With my observation,
* There is no exception if a is 2_147_483_647 or smaller
* There is exception if a is 2_147_483_648 or bigger
A Ruby committer reads this report and immediately understands the problem. The committer then fixes the issue. Congratulations!
Some of you may have noticed the significance of the number 2,147,483,648. It is equal to 2^31. That is, there is no problem if a < 2^31.
The original error message was integer 3000000000 too big to convert to int' (RangeError)`.
The conversion fails because the value exceeds the maximum number of C's integer value.
In this environment, the range of C's integer value is -2^31 ~ 2^31-1, so the value 2^31 exceeds the range.
Let's check the original implementation.
static VALUE
int_add(VALUE self, VALUE n)
{
if (FIXNUM_P(self) && FIXNUM_P(n)) {
/* c = a + b */
int a = FIX2INT(self);
int b = FIX2INT(n);
int c = a + b;
VALUE result = INT2NUM(c);
return result;
}
else {
return rb_int_plus(self, n);
}
}
Observe the usage of FIX2INT(). An error is raised by this conversion macro. Let's use long instead.
static VALUE
int_add(VALUE self, VALUE n)
{
if (FIXNUM_P(self) && FIXNUM_P(n)) {
/* c = a + b */
long a = FIX2LONG(self);
long b = FIX2LONG(n);
long c = a + b;
VALUE result = LONG2NUM(c);
return result;
}
else {
return rb_int_plus(self, n);
}
}
And now we have fixed this problem. Yay!
Ruby can represent huge numbers as integers, as long as memory is available. However, C or other languages often have a limit on their integer representation. It is important to recognize such limitations, not only for Ruby, but for programming in general.

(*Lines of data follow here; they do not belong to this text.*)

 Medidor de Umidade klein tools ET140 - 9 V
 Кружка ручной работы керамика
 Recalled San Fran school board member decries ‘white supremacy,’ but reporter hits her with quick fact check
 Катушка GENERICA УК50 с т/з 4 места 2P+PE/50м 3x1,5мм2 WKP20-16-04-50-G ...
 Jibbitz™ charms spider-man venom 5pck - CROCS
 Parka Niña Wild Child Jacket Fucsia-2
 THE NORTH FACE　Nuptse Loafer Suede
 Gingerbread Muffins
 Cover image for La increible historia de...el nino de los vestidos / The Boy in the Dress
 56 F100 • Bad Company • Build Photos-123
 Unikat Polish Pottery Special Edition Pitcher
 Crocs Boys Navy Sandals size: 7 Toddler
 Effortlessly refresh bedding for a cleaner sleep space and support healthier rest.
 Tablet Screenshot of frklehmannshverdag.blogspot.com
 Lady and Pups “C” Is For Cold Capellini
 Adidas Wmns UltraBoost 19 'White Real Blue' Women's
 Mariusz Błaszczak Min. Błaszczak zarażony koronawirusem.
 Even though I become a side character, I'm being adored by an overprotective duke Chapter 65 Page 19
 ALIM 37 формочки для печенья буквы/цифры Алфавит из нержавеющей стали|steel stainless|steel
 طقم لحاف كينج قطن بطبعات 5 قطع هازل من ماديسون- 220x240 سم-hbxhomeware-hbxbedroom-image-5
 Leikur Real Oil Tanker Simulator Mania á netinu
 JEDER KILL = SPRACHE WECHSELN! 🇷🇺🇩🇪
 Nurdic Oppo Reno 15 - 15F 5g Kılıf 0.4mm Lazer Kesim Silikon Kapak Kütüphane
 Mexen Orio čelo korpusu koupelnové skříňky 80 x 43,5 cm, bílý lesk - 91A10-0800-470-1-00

If you have a problem with huge application, what should you do?
Try to reduce the amount of code involved. If it is acceptable, you should gradually delete the lines of an application using a strategy similar to the binary search we used earlier.
You should use version control (e.g. git) so that you can easily revert any changes you make. This can make it easier to aggressively delete code.
There are non-deterministic issues related to GC bugs, threading bugs, VM bugs and so on (Koichi gets such errors frequently).
MRI has many assertions to check assumptions. Usually we disable such assertion checking because of their impact on performance. But you can use enable them to help you to debug.
Setting RGENGC_CHECK_MODE in gc.c to 2, and VM_CHECK_MODE in vm_core.h to 1, will enable this feature.
If you want to pass these options to the C compiler, pass -DRGENGC_CHECK_MODE=2 -DVM_CHECK_MODE=1 options as cflags (and you need to run make clean before this trial).